# PROBLEM DESCRIPTION
Without the pictures, can you quote each line below exactly?

# Collected data entries

-=-=-

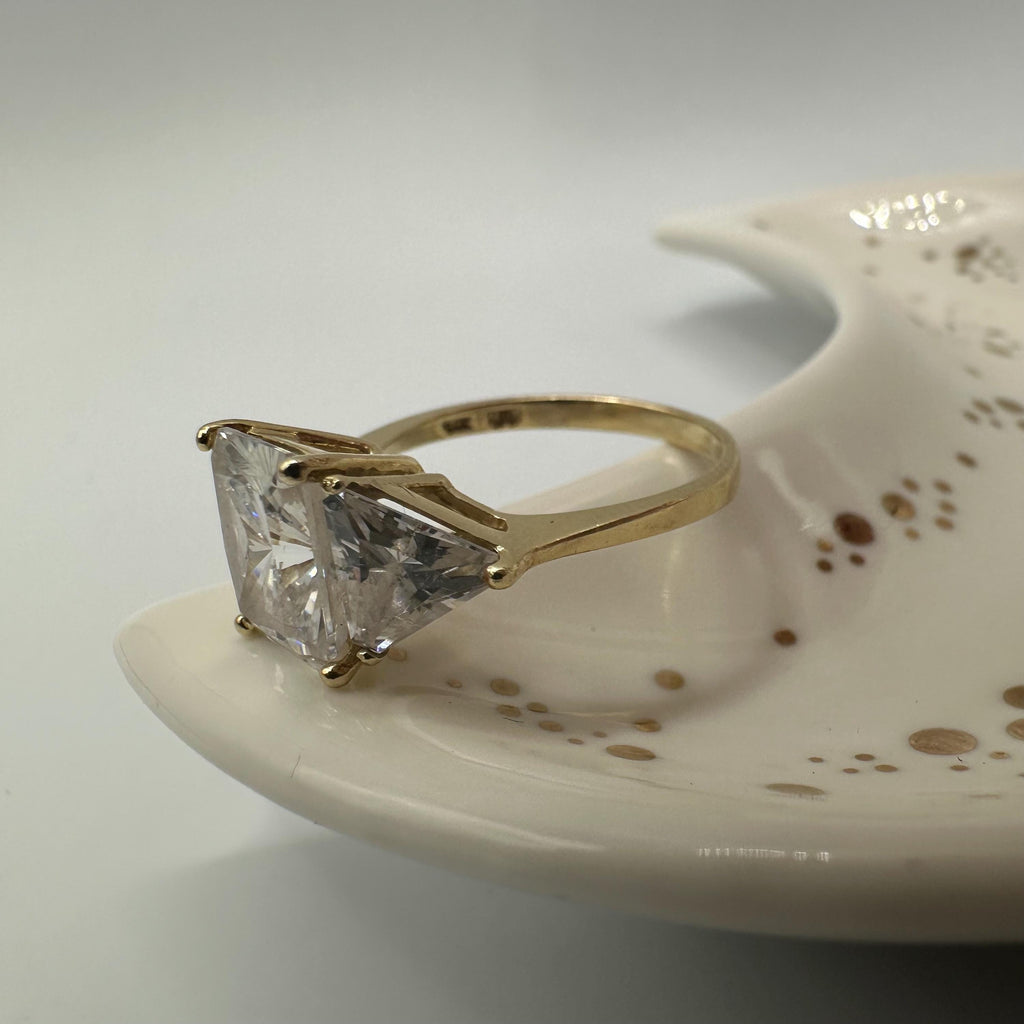 Solid 14K Yellow Gold Three-Stone CZ Ring – Size 6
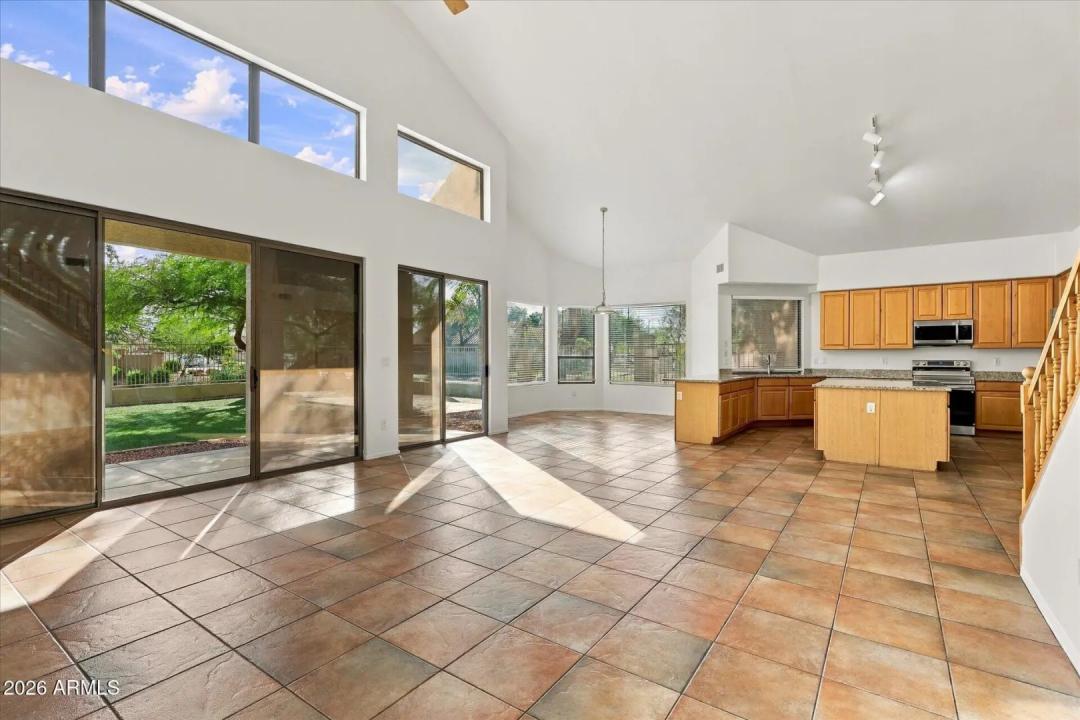Real Estate Picture 20
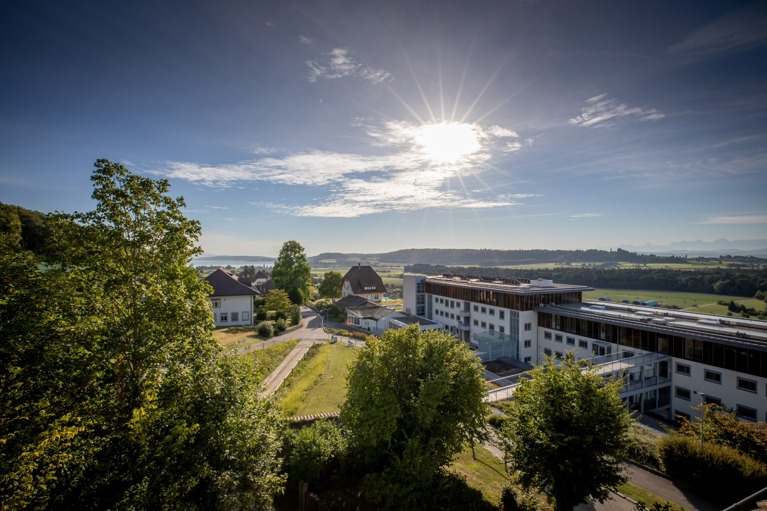 Rehaklinik Tschugg bei sonnigem Wetter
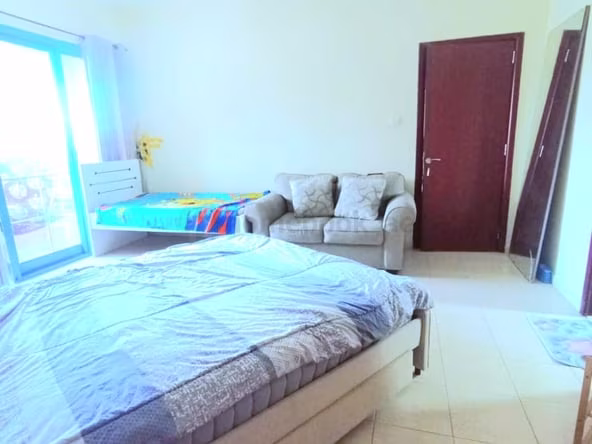 Room for Rent in International City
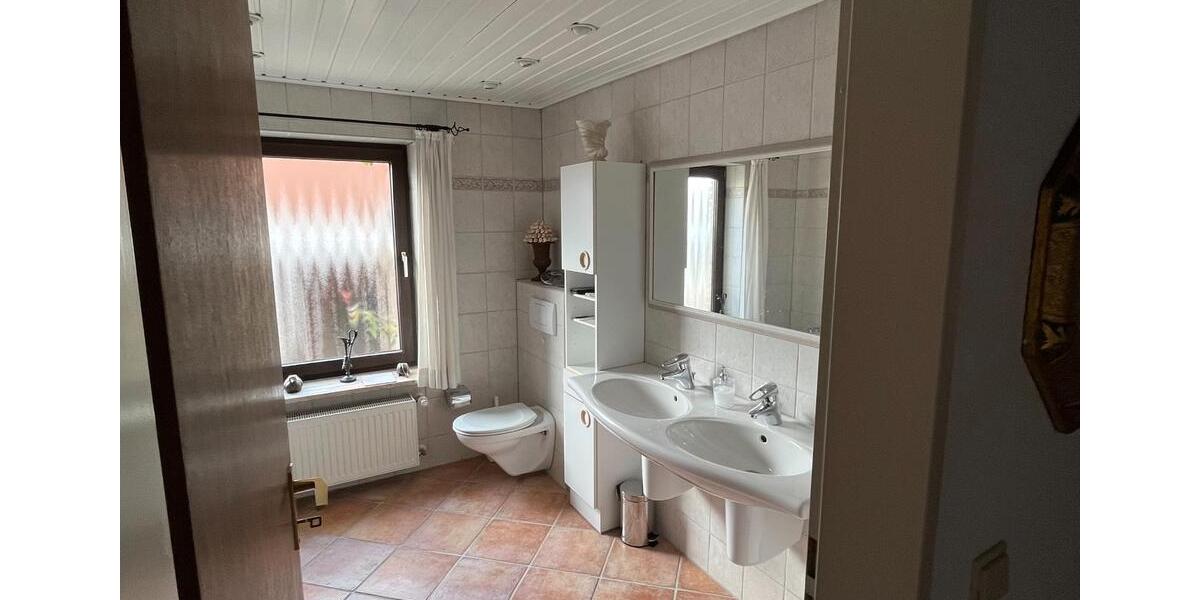 Bungalow Bad Nenndorf - 5 Zimmer, 122 m&sup2;, 449.000&euro; | Angebot:26221994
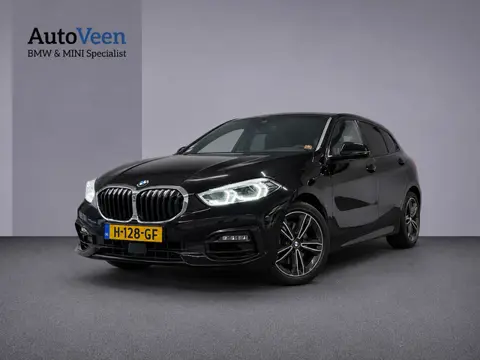 BMW 1-serie 118i Executive Edition (M-SPORT, H&K, LED, SFEERVERLICHTING, CAMERA)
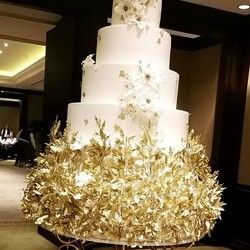 Velika svadbena torta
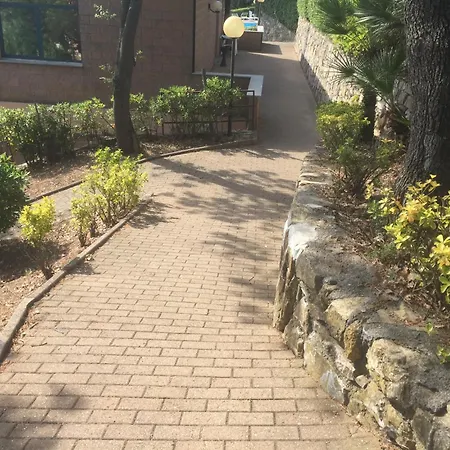 Villaggio Colombo פארק נופש *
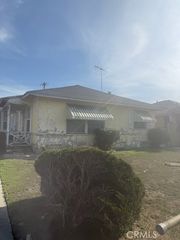 13502 S San Pedro, Los Angeles, CA 90061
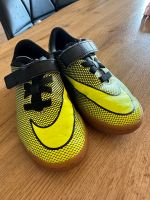 Nike Fußballschuhe Hallenschuhe Kinder Gr. 29.5 Rheinland-Pfalz - Saarburg Vorschau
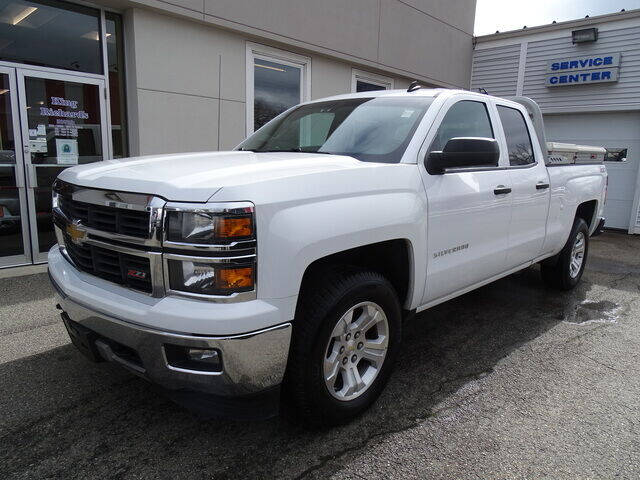 2014 Chevrolet Silverado 1500 for sale at KING RICHARDS AUTO CENTER in East Providence RI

-=-=-

# ANSWER SPACE
 Solid 14K Yellow Gold Three-Stone CZ Ring – Size 6
Real Estate Picture 20
 Rehaklinik Tschugg bei sonnigem Wetter
 Room for Rent in International City
 Bungalow Bad Nenndorf - 5 Zimmer, 122 m&sup2;, 449.000&euro; | Angebot:26221994
 BMW 1-serie 118i Executive Edition (M-SPORT, H&K, LED, SFEERVERLICHTING, CAMERA)
 Velika svadbena torta
 Villaggio Colombo פארק נופש *
 13502 S San Pedro, Los Angeles, CA 90061
 Nike Fußballschuhe Hallenschuhe Kinder Gr. 29.5 Rheinland-Pfalz - Saarburg Vorschau
 2014 Chevrolet Silverado 1500 for sale at KING RICHARDS AUTO CENTER in East Providence RI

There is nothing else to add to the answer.